Questions without answer

However, ten years later, there also remain many unanswered questions about this finding. After all, the knowledge we have so far of the Higgs boson only refers to ordinary matter, which represents only 5% of the Universe, but the Standard Model does not clarify anything about the remaining 95%, relative to matter dark, the one that does not interact with the electromagnetic field and, therefore, we cannot see, even though we know it exists; and dark energy, responsible for the expansion of the Universe. The properties of both remain a mystery to science.

This means that there is still a lot of room to reveal new and exotic phenomena, such as the possible generation of dark matter from the disintegration of the Higgs boson, or the existence of more than one type of Higgs boson, for example. While these answers were expected years ago, CERN physicists are keen to resolve the remaining questions and bring the LHC to its full potential.

Run 3 is proof of that. After three years of updating and maintenance work, this Tuesday the LHC begins its third period of activity, which in principle will last 4 years. Among its advances is its renewed ability to record an unprecedented number and power of collisions, reaching a record energy of 13.6 billion electron volts, which will increase the accuracy of the studies.

“The LHC has not yet said its last word and new revolutionary discoveries may be waiting. However, despite its potential, the LHC has its limitations. In order to continue penetrating the mysteries of the universe, new accelerators, capable of achieving unprecedented precision and energy, are being designed", says Aurelio Juste Rozas, ICREA researcher at the Institute of High Energy Physics (IFAE), who studies proton collisions -proton in the ATLAS experiment at the LHC. In other words, everything indicates that the Standard Model is not the definitive paradigm for understanding the universe.

If we find the answers we seek, in the next four years we will gain a whole new perspective on the universe, from its subatomic scale to its entirety (how it came to be what it is and what its future holds). "A new and exciting stage of scientific research is opening that we hope will bring us great surprises," says Pich. "Not giving up is the key," adds Javier Fernández Menéndez, full professor at the University of Oviedo, researcher of the CMS experiment since 2003 and, in recent years, responsible for Quality Control and Data Monitoring at CMS, "other recent discoveries Like gravitational waves, it took almost a century from when Einstein's theory of General Relativity predicted them to the confirmation of their existence."

The controversial 'God particle'

The Higgs boson has also been dubbed 'the God particle', despite physicists disagreeing on that name. The nickname originated from a popular science book on elementary particles that Leon Lederman, Nobel Prize in Physics, published in 1993.

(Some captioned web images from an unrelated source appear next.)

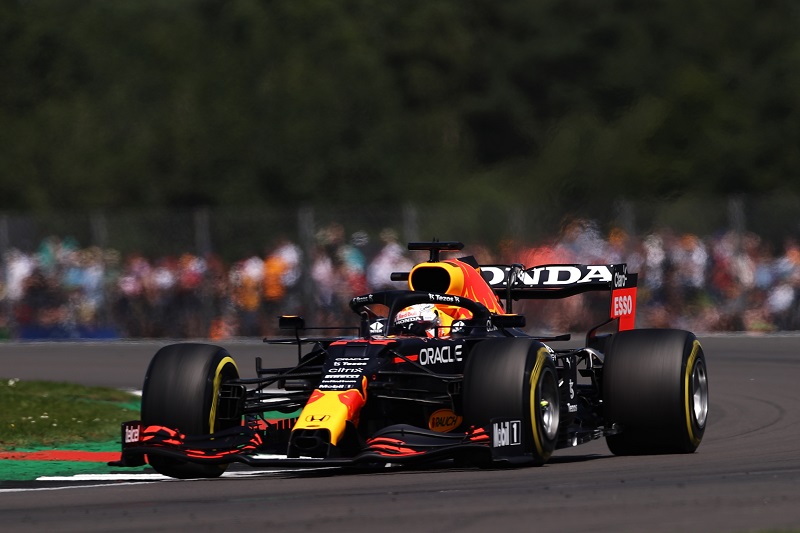 Verstappen sprints to pole victory, Alonso stars in the first sprint qualifying
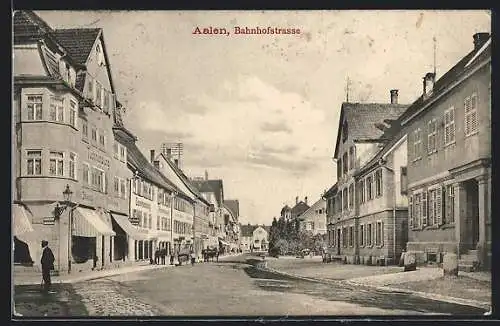 AK Aalen, Bahnhofstrasse mit Geschäften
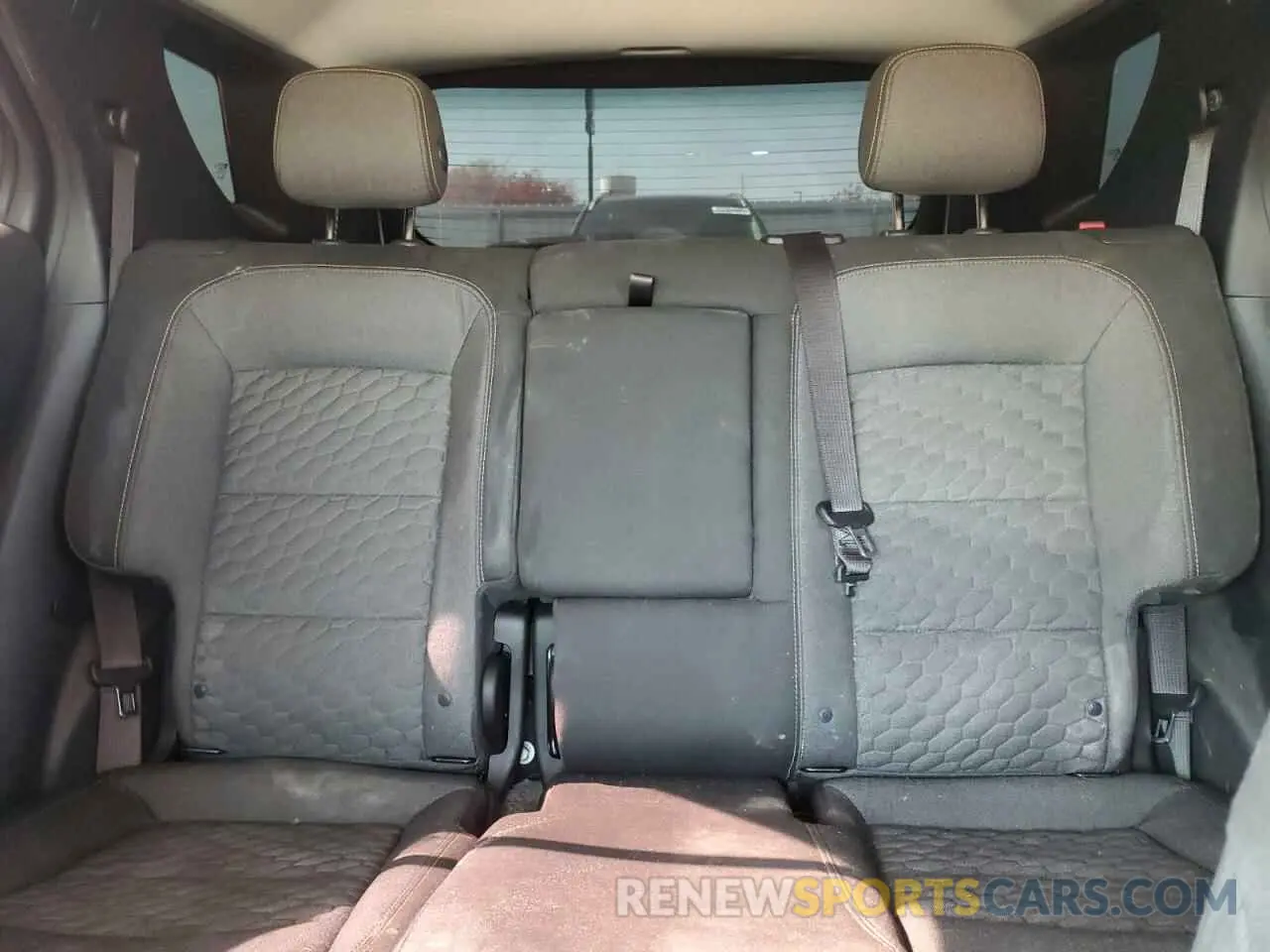 10 fotografías del automóvil dañado 2GNAXKEV8K6128729 CHEVROLET EQUINOX 2019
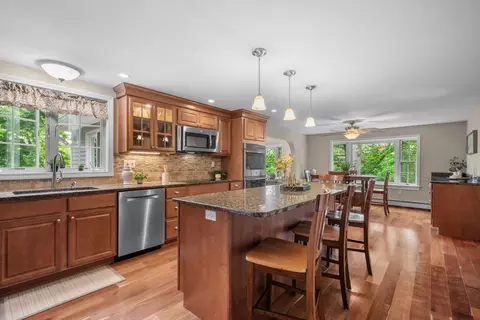 10 Grandview Rd, Reading, MA 01867 photo 12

Lederman originally titled his book 'The Goddamn Particle: if universe is the answer, what's the question?' ('The damn particle: if the universe is the answer, what is the question?', in English), given the difficulty of discovering the Higgs boson (it took 50 years). However, the editors thought it might be offensive and considered "The God particle" to be more attractive and commercial. So it was, the book was successful and that formula to refer to the Higgs boson became popular.